Some state lawmakers have dubbed this initiative to be a “form of reparation,” as it is designed to provide economic relief to residents who had been convicted of marijuana possession and other weed-related offenses.
Called “CanRenew,” the grant program was enacted as part of the state’s new recreational marijuana law which allows residents to use the drug without a license, though it is still illegal for unlicensed dispensers to sell.
Pot was legalized as of August 1 this year, while the CanRenew program will go into effect in 2026. Once implemented, it will award $15 million to eligible organizations in communities, that have, as “The Star Tribute” reported, “high concentrations of people who were convicted for a marijuana offense or had family members who were convicted.”
Communities with a large number of veterans, high poverty rates and those that have “experienced a disproportionately large amount of cannabis enforcement” may receive the grants, the new law states.
State Sen. Lindsey Port, who sponsored the bill in the Senate, called the program a “form of reparation,” adding, “Direct harm has been done to communities by prohibition and by the state, and it is our responsibility to undo that harm. This is really our first major investment in doing that, and it should have the same kind of lasting effects that, unfortunately, the war on drugs has had on communities of color.”
The Minnesota lawmaker, a member of the state’s Democratic-Farmer-Labor Party (DFL), noted she knows of no other initiative like this in the United States, and stated that the money for the grants will come out of tax revenue from cannabis sales.
According to the state’s new cannabis law, there is a 10% tax on all marijuana product sales.
The program will be handled by Minnesota’s new “Office of Cannabis Management,” which is still being formed.
According to the Star Tribune, the office will “will distribute the grants to community organizations such as schools, nonprofits, private businesses and local governments in hopes of spurring development and prosperity.”
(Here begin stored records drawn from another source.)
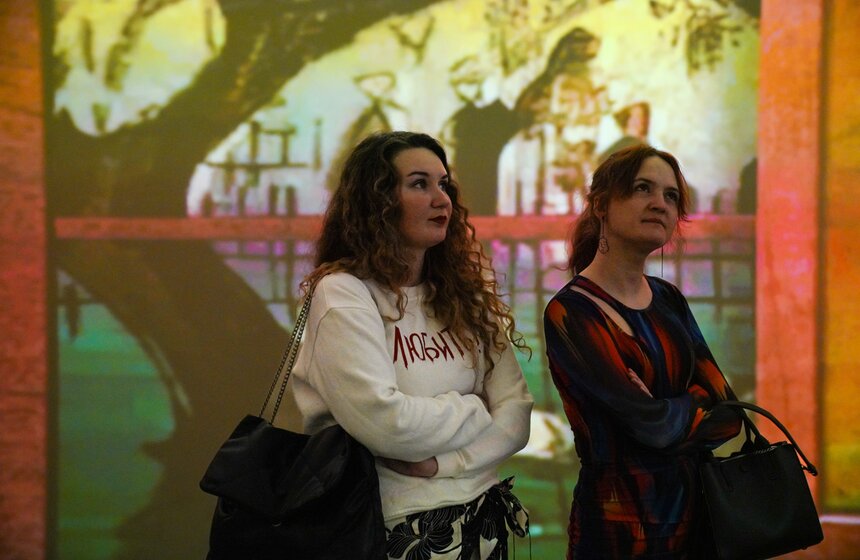 Мультимедийная выставка "Быть Ван Гогом" открылась на ВДНХ 8 фото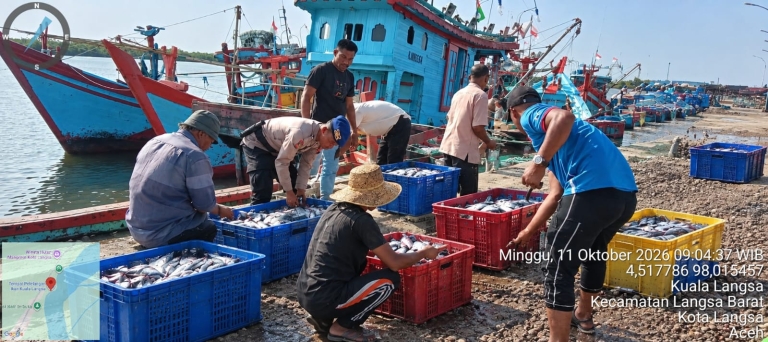 Sat Polairud Polres Langsa Sambangi Nelayan Kuala Langsa, Tekankan Keselamatan Dan Kelestarian Laut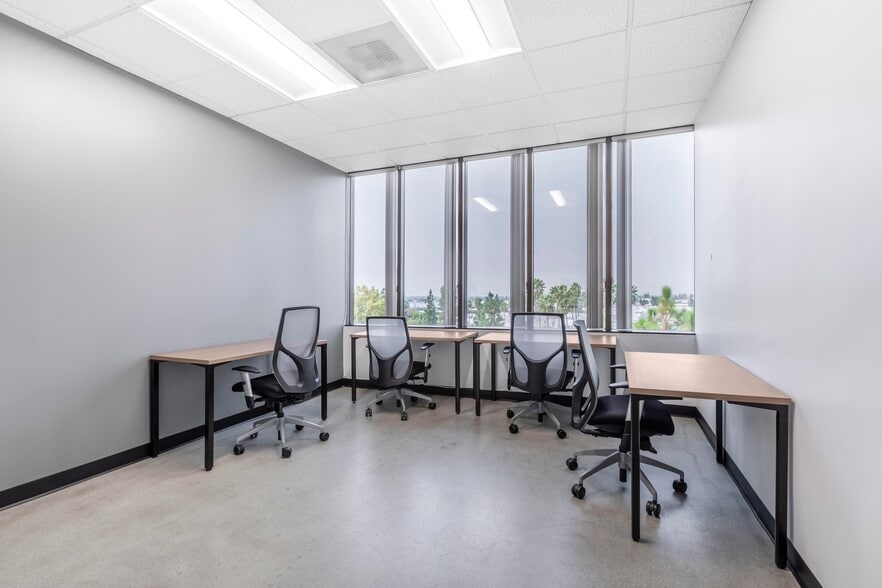 5800 S Eastern Ave, Commerce, CA for lease - Interior Photo - Image 3 of 8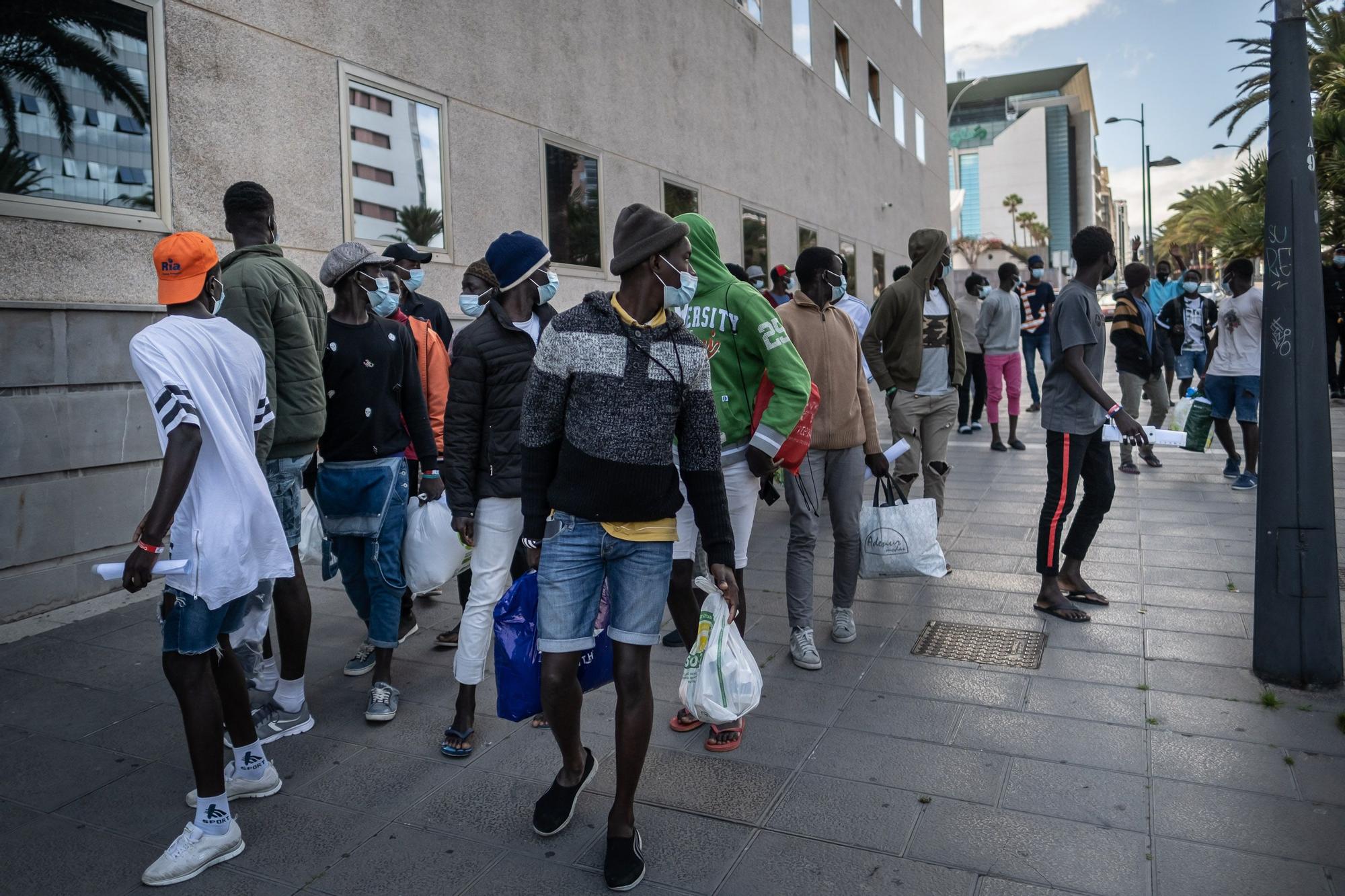 Menores migranttes denuncian su traslado al campamento de Las Raíces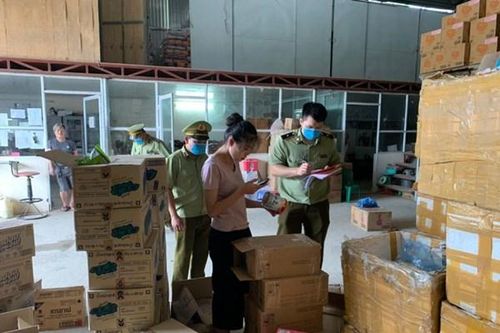 Tiêu hủy các sản phẩm sữa bột dành cho trẻ em nhập lậu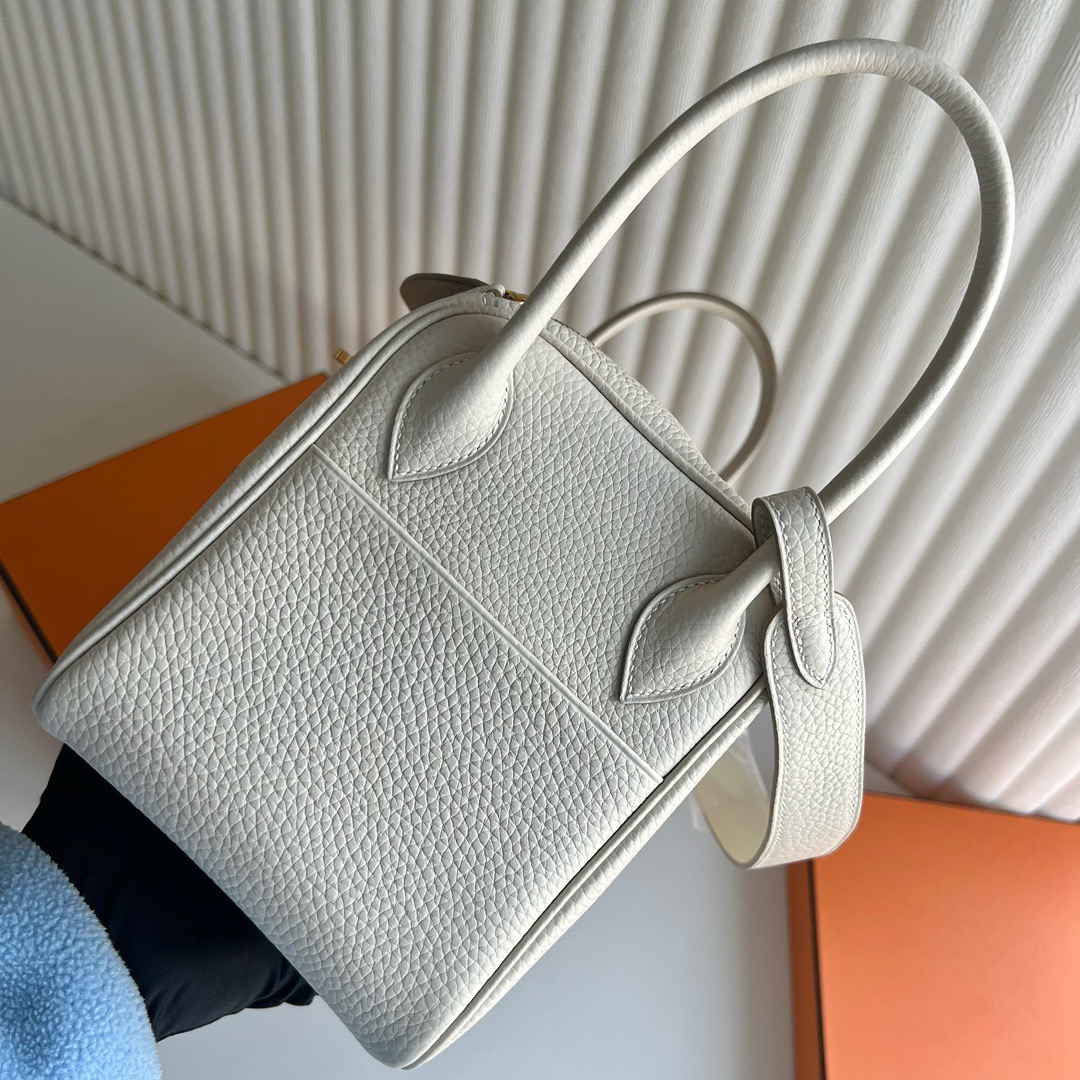 愛馬仕包包圖片大全 Hermes Lindy 26 Clemence Ck10 Craie奶昔白金色五金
Organizations applying for the grants must demonstrate they are committed to projects that will “improve community-wide outcomes or experiences.”
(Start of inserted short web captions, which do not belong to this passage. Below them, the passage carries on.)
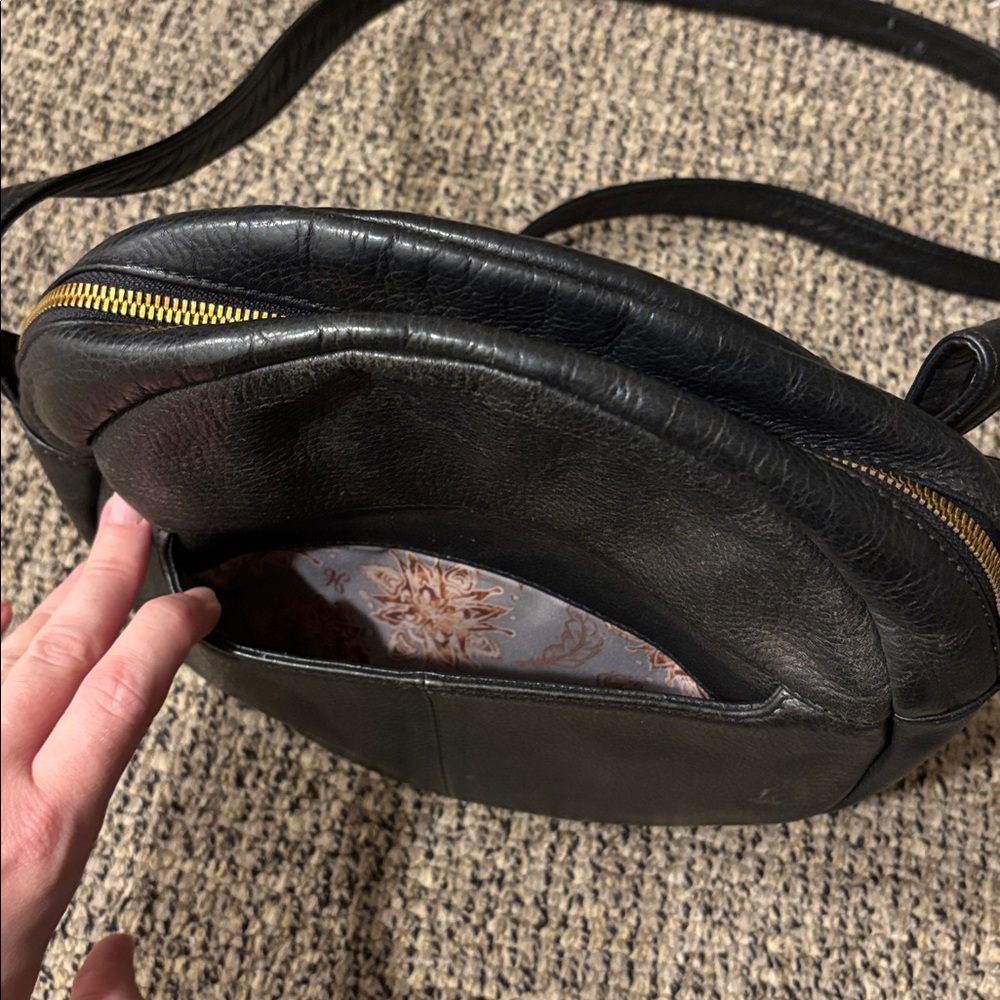 HOBO Round Black Crossbody Leather Bag Adjustable Strap Fabric Lined - Picture 4 of 8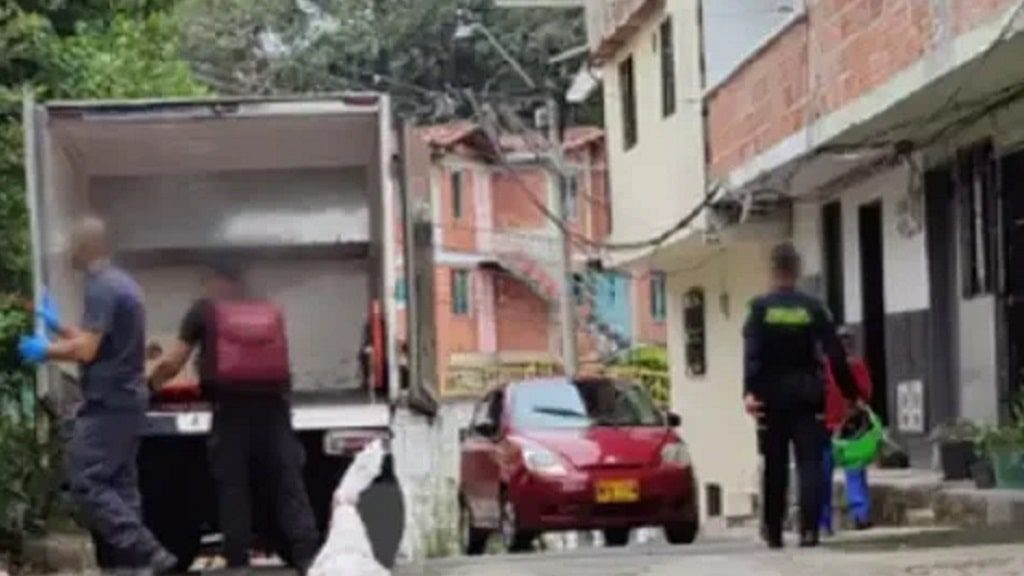 Hallan cuerpo decapitado en el sector El Cucaracho de Medellín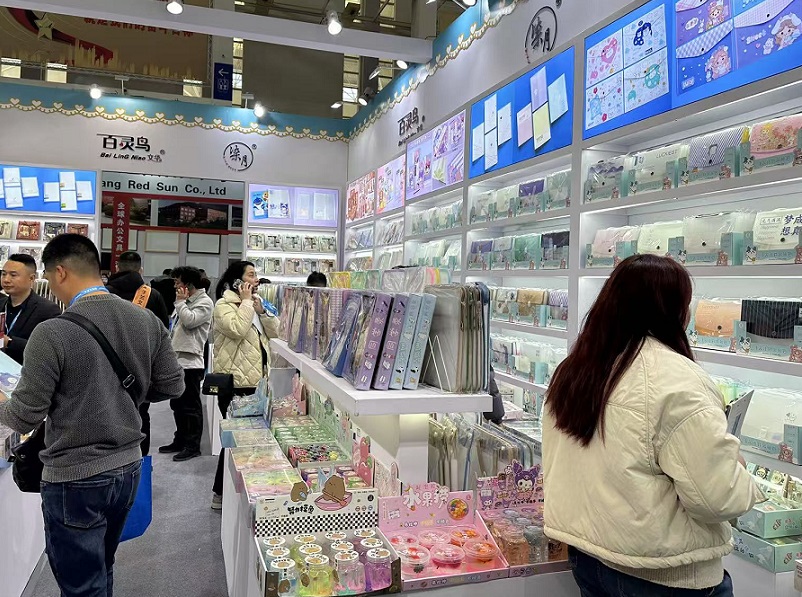 2027年宁波国际文具礼品展-宁波文具展CNISE参展商与海外采购商展台洽谈现场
The CanRenew program is just one of several initiatives in Minnesota’s new law that will help repair communities from previous heavy marijuana policing. The Star Tribune stated, “Minnesota will also automatically expunge misdemeanor marijuana cases from residents’ records, and set up a Cannabis Expungement Board to review felony cases.”
Also, state residents who meet “social equity” criteria will be eligible for weed business licenses.
The outlet cited studies showing that “Black Americans have historically been arrested and charged with marijuana crimes at much higher rates than whites despite both groups using marijuana at similar rates.” Port added that she expects members of areas of Minnesota with higher African American populations to receive most of the grant money.
GOP state Rep. Nolan West, who voted for the recreational law, spoke out against the CanRenew program, claiming, “It’ll be wasted. It’s just a way to funnel money to [DFL] districts.”
Fox News Digital reached out to the DFL Party for comment on the passage of the CanRenew program.